Tuesday, 28 January 2014

Emerging Trends in School Design

Last week a bunch of Cullinans keen beans attended ‘Shaping the Future: Spaces for Education’ talk at the Geological Society  - part of this season’s ‘Emerging Trends’ series by the Royal Academy.  The speakers were Philip Marsh (drMM), John Whiles (Jestico Whiles), and Simon Allford (AHMM).


In the current era of parent-led grass roots initiatives a wide spectrum of school types is cropping up from Free Schools to Academies and beyond.  The time is ripe to ask: how can school design attitudes evolve to meet these new challenges?

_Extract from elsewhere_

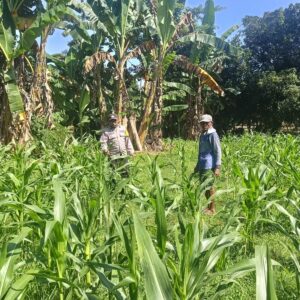 POLSEK WOJA PANTAU PENGOLAHAN LAHAN PEKARANGAN WARGA, DUKUNG KETAHANAN PANGAN NASIONAL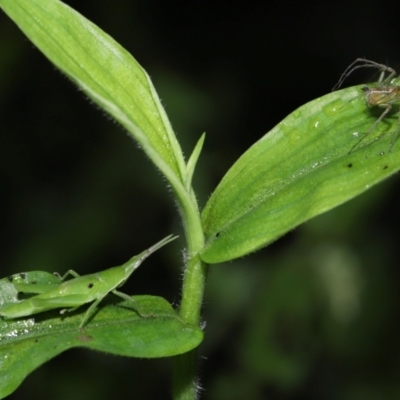 Atractomorpha similis (Northern Grass Pyrgimorph) at Capalaba, QLD - 17 Mar 2024 by TimL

Simon Allford conveyed energy in his interrogation of the problem at hand, calling for designers to reconsider the brief for schools.  He argued that architects should ignore overly specific briefs and instead conceive schools as part of the city fabric, rather than allowing the design to be driven by a programme that changes as often as educational policy.  Allford’s plea for ‘highly bespoke yet inherently adaptable design’ cited the Uffizi Galleries in Florence as an example of a building which goes beyond its brief to form lasting public space.

View of the river Arno framed by the Uffizi Galleries in Florence, Piazzale degli Uffizi
Most of the evening covered well publicised past projects such as the Kingsdale Secondary School Sports Hall by drMM which, whilst admirable for its creative use of ETFE and glulam structure, can hardly be considered as an ‘emerging trend’ as it was completed ten years ago.

I left disappointed by the lack of emerging school design philosophies shown, but motivated to continue the debate on the subject (those of us who attended stayed behind for an animated discussion)!  Hopefully others had a similar reaction and will be inspired to join a more focused debate on design for the next generation of schools.  Overseas inspiration is easy to come by - for example, the climate-sensitive and cost-effective DPS Kindergarten School in Bangalore, conceived by architects Kholsa Associates as a prototype school for South India.

Terracotta jaalis and colourful corrugated sheets provide playful shading and a nod towards the vernacular architecture of the region, set within the rigorous framework of a modular concrete typology.  Natural ventilation, light and local materials harmonise in this project, which came top of the education category at the 2013 Inside Festival awards and is a delight to read about.  Could such an approach begin to answer the call for innovative ‘highly bespoke yet inherently adaptable design’ for schools and if so, what would the British equivalent be?

   
The central courtyard at the DPS Kindergarten






Wednesday, 15 January 2014

What housing crisis?



On Monday the rising star Shadow Minister of Housing, Emma Reynolds, enthusiastically briefed a full-house at NHBC about emerging Labour Party plans to deal with the housing crisis.  She talked about ‘Build First’ to encourage SMEs to make up the numbers to 200,000 homes a year using smaller public sector sites which they paid for later, hence Build First.  Little definite beyond that as Sir Michael Lyons’ Housing Commission is not due to report till later in the year and the election isn’t till 2015. But she went some way to answer some of the questions raised by James Meek’s excellent review of the recent past ‘Where will we live?’published in the London Review of Books. 


For Reynolds the issues are numbers, affordability and quality, including size, none of which is helped by the Coalition’s ‘Help to Buy’ programme supporting re-mortgaging and houses up to £600k, unaffordable to most first time buyers.  Garden Cities are part of the programme as trailed by the Shadow Chancellor Ed Balls at the NHBC Annual Lunch in November but the question is where?  She batted aside the idea that these would be warmed-up eco-towns but declined to name any locations; the difficulties to be overcome include the free market price of land and the difficulty many Local Authority planners now have finding the necessary resource for strategic planning.


I asked her about this since the Coalition has abolished Regional Planning, encouraged  nimbyism in the South-East through the National Planning Policy Framework and seen the Local Authority planning community decimated by financial cuts; I suggested that, as a result, planners were back to (battling the lawyers with) development control.  In reply to another question she talked about the ‘Right to Grow’ (beyond the Authority’s boundaries) for towns like Stevenage, Luton and Oxford and the ability to swap green belt land.  This is like the expansion of Cambridge redrawing the City boundaries, following extensive community engagement.


She was warmly received, answering most questions confidently but I felt that her reliance on homes ‘being more attractive’ as a means of winning over the nimbies was a tad optimistic!